→ Recorded data
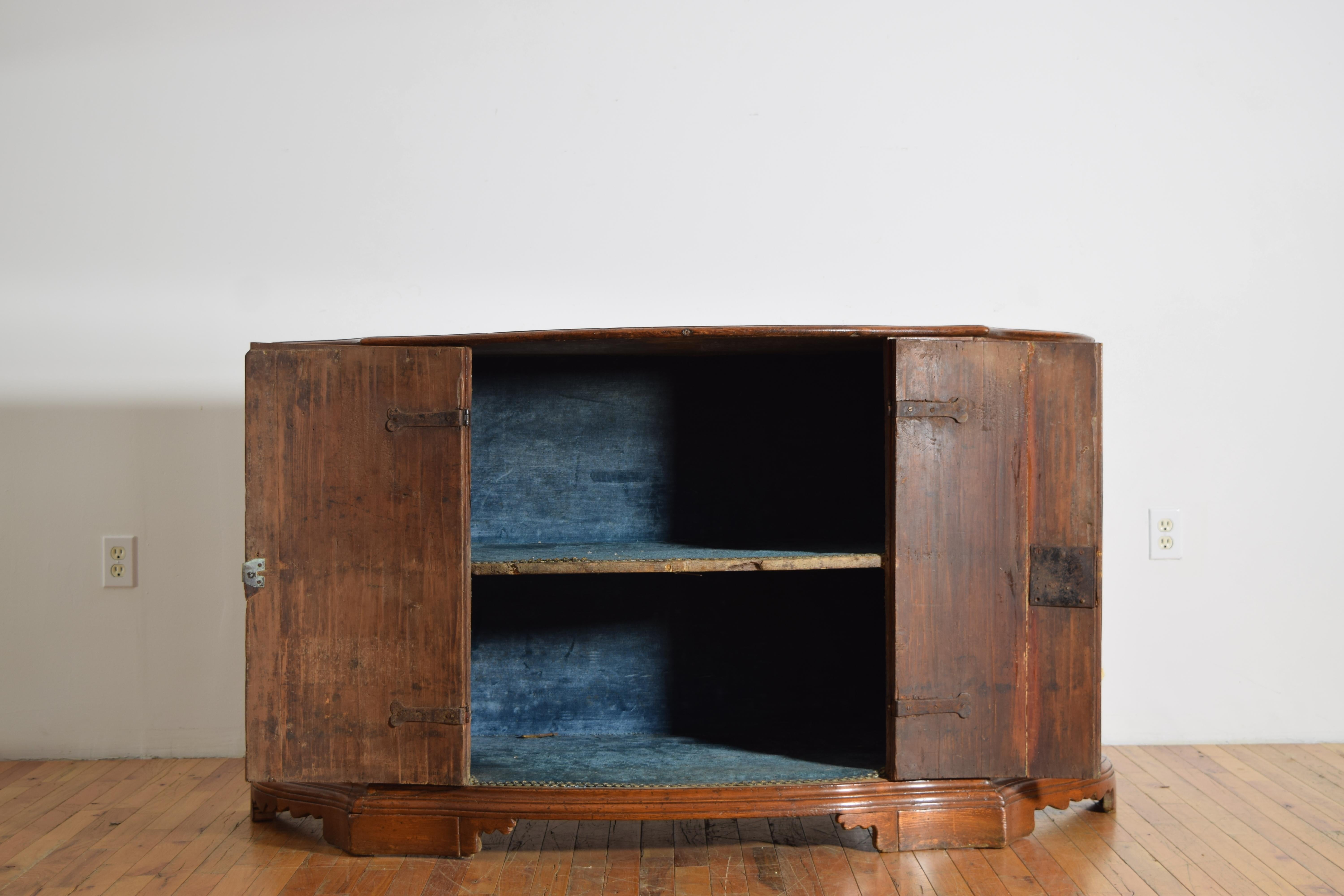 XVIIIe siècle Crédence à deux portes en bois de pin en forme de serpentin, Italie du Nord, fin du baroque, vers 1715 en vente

---

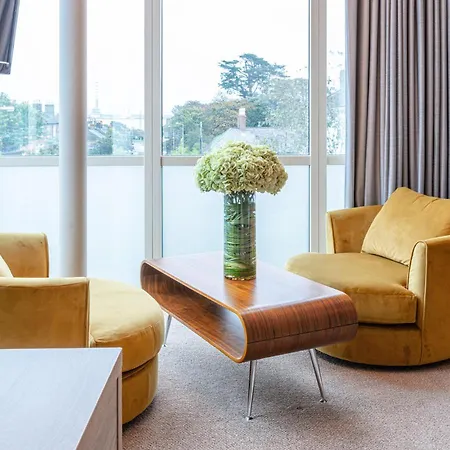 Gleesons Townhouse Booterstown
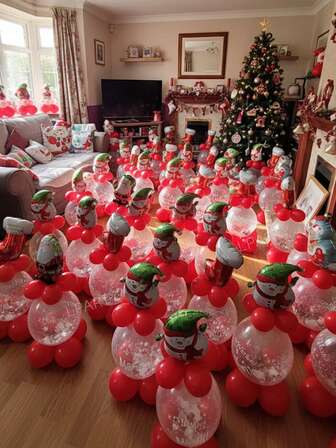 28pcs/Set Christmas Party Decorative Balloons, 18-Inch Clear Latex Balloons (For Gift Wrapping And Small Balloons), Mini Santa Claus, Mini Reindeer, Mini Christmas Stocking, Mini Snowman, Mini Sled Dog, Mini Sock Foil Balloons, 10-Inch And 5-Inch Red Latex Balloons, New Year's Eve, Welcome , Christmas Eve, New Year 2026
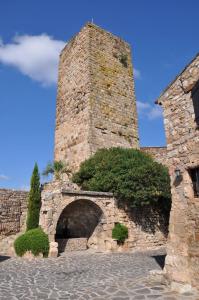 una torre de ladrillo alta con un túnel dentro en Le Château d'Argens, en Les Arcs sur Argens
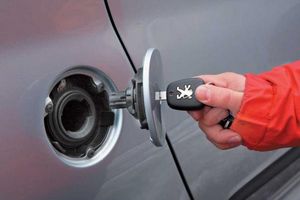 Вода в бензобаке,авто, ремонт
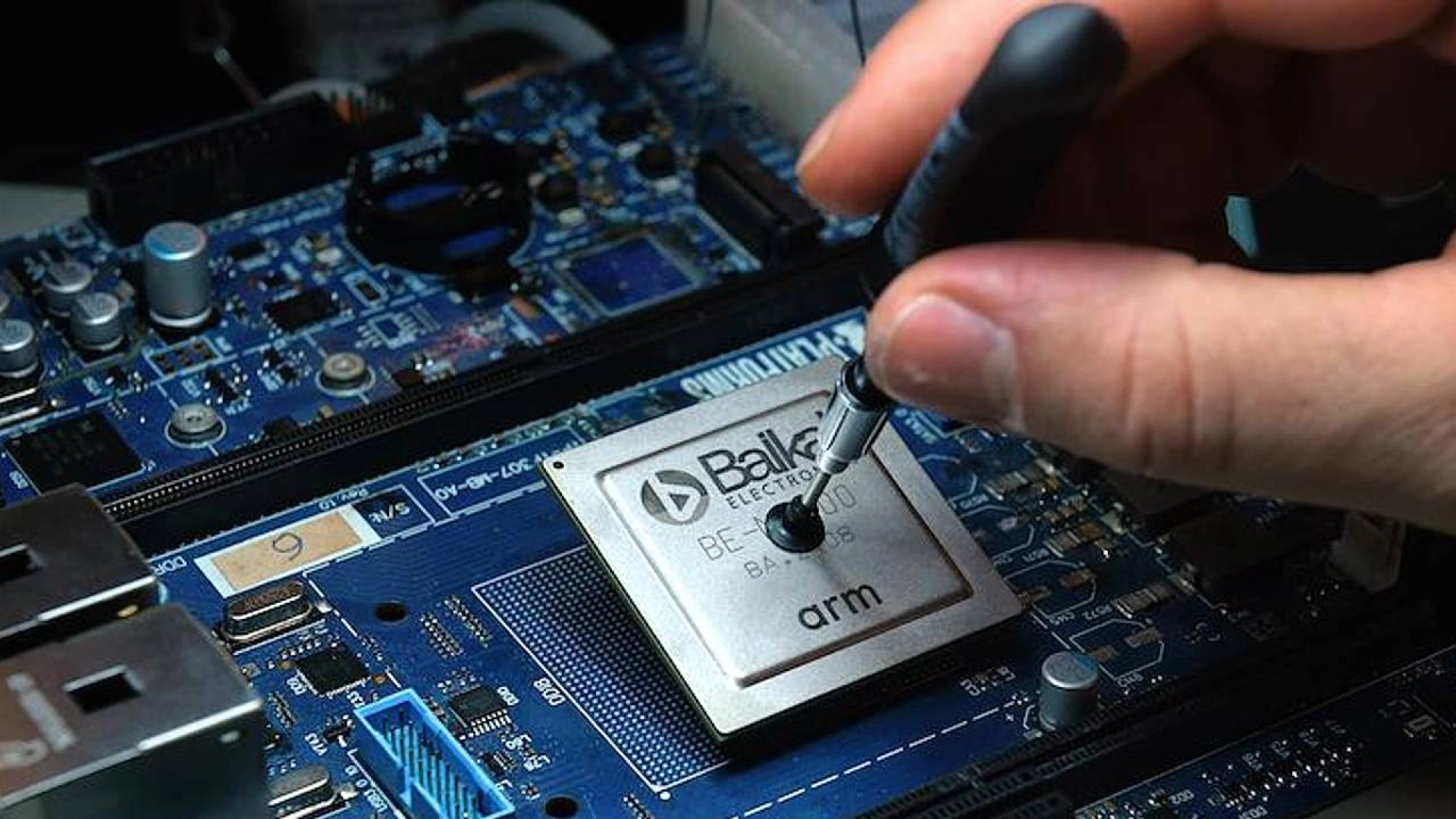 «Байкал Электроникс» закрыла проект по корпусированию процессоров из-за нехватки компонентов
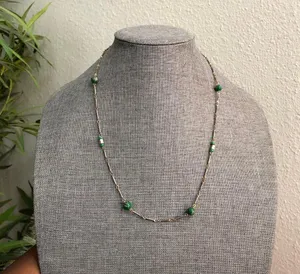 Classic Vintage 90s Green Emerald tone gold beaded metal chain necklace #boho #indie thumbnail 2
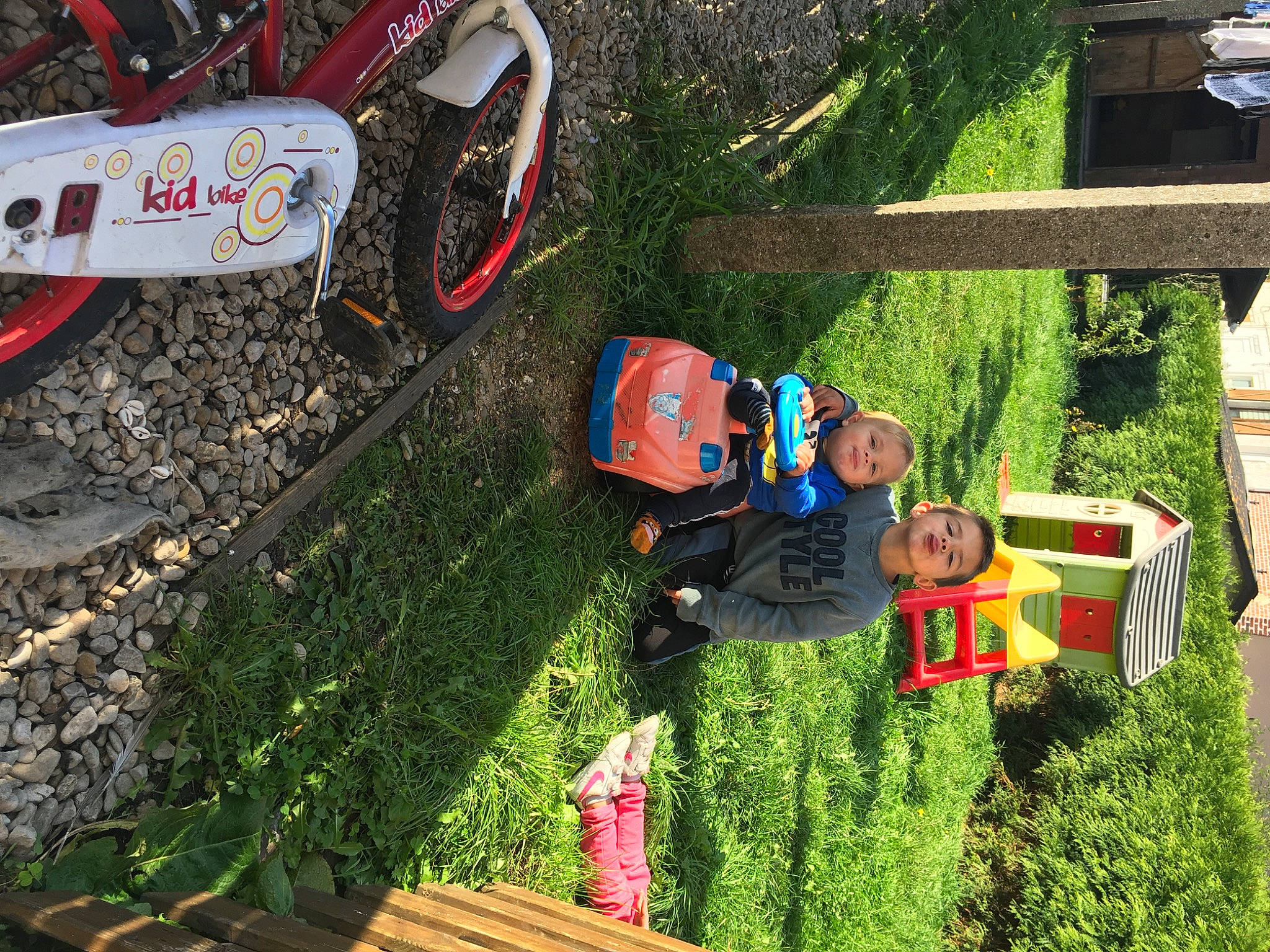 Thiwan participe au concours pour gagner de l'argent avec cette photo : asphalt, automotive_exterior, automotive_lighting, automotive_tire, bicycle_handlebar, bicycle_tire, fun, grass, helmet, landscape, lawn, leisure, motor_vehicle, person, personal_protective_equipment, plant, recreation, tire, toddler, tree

* * *

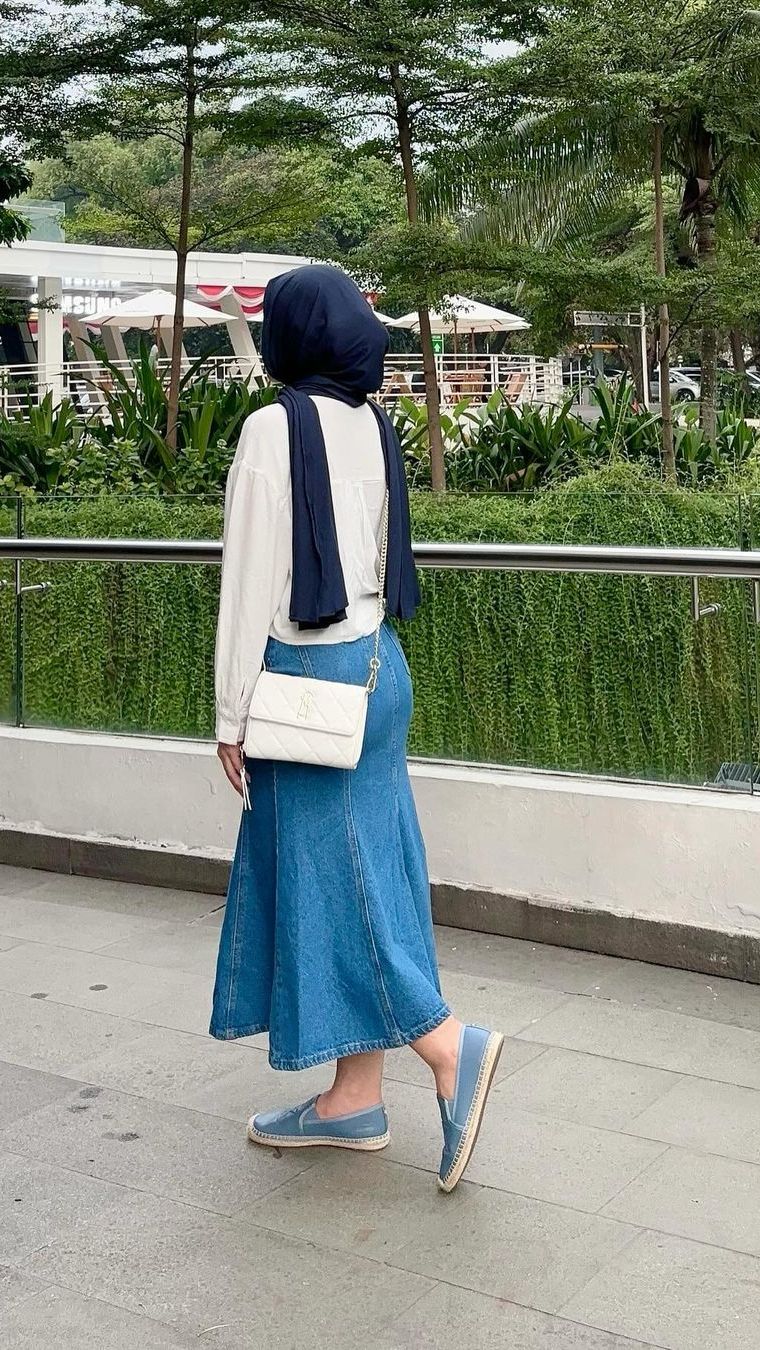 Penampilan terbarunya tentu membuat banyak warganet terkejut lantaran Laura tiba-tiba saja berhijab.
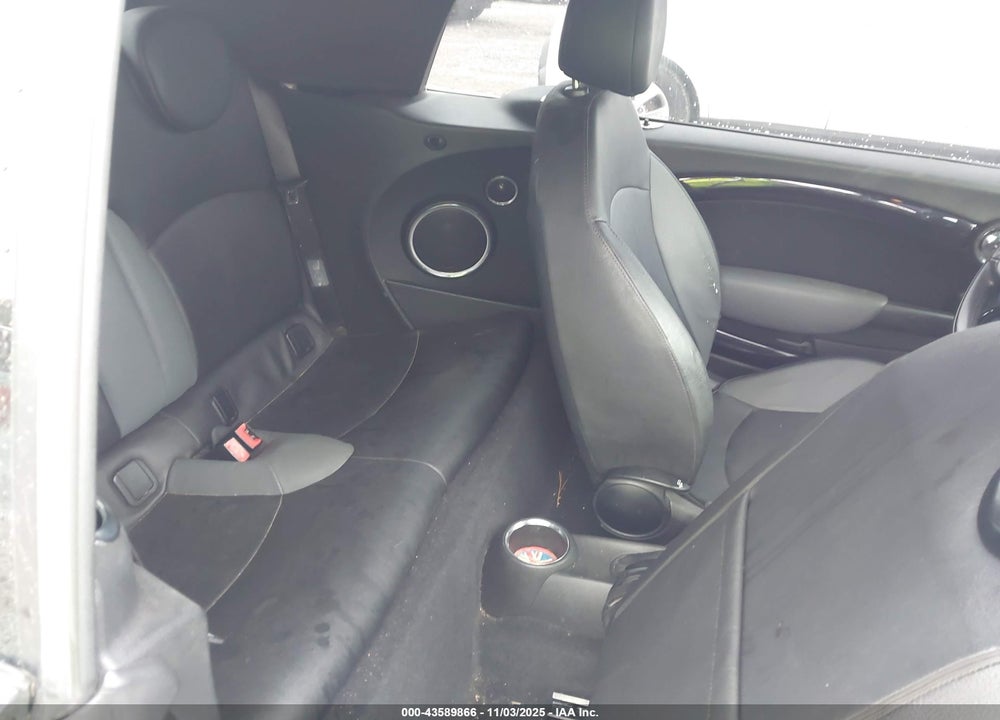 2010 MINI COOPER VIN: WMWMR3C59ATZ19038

→ Directions for this task
Look above for the line with "28pcs/Set Christmas Party" and copy exactly from it through the line with "Classic Vintage 90s", both included. Omit the pictures.

→ Solution
 28pcs/Set Christmas Party Decorative Balloons, 18-Inch Clear Latex Balloons (For Gift Wrapping And Small Balloons), Mini Santa Claus, Mini Reindeer, Mini Christmas Stocking, Mini Snowman, Mini Sled Dog, Mini Sock Foil Balloons, 10-Inch And 5-Inch Red Latex Balloons, New Year's Eve, Welcome , Christmas Eve, New Year 2026
 una torre de ladrillo alta con un túnel dentro en Le Château d'Argens, en Les Arcs sur Argens
 Вода в бензобаке,авто, ремонт
 «Байкал Электроникс» закрыла проект по корпусированию процессоров из-за нехватки компонентов
 Classic Vintage 90s Green Emerald tone gold beaded metal chain necklace #boho #indie thumbnail 2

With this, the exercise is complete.